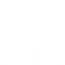 Logo_Icon_Titles_transparent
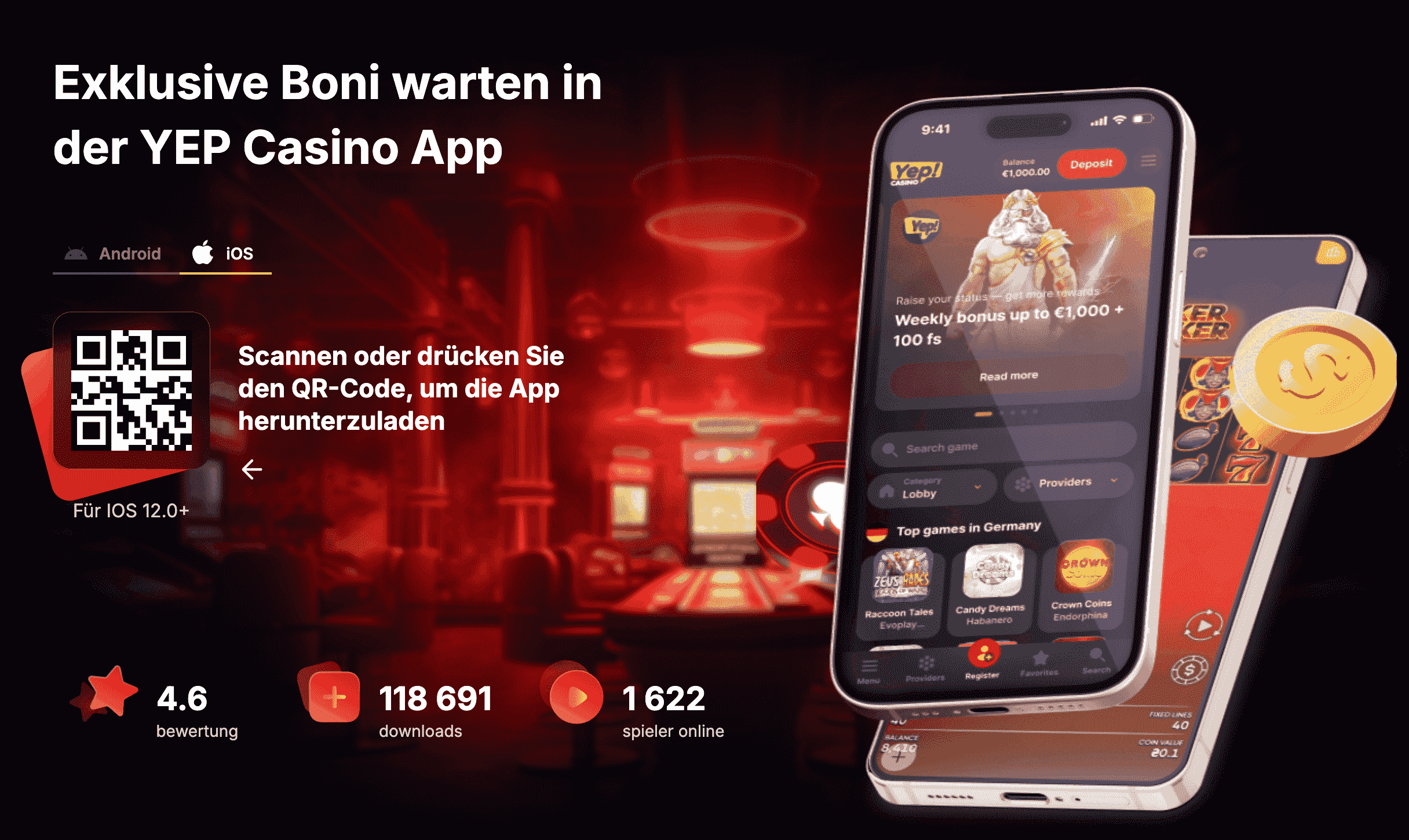 6Yep Casino Deutschland  Mobile.png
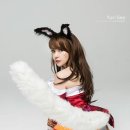 (주)콩앤별 인벤
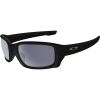 Oakley Straightlink Sunglasses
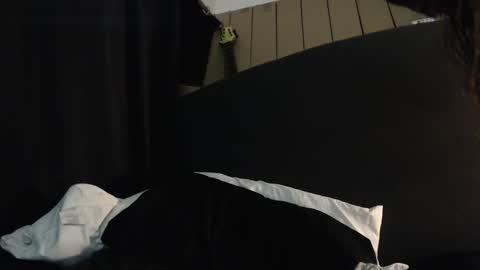 Bailey online show from January 11, 8:11 am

Task requirements: In your copy of the material, every word must match and no image should appear.

Answer space:
 Logo_Icon_Titles_transparent
 6Yep Casino Deutschland  Mobile.png
 (주)콩앤별 인벤
 Oakley Straightlink Sunglasses
 Bailey online show from January 11, 8:11 am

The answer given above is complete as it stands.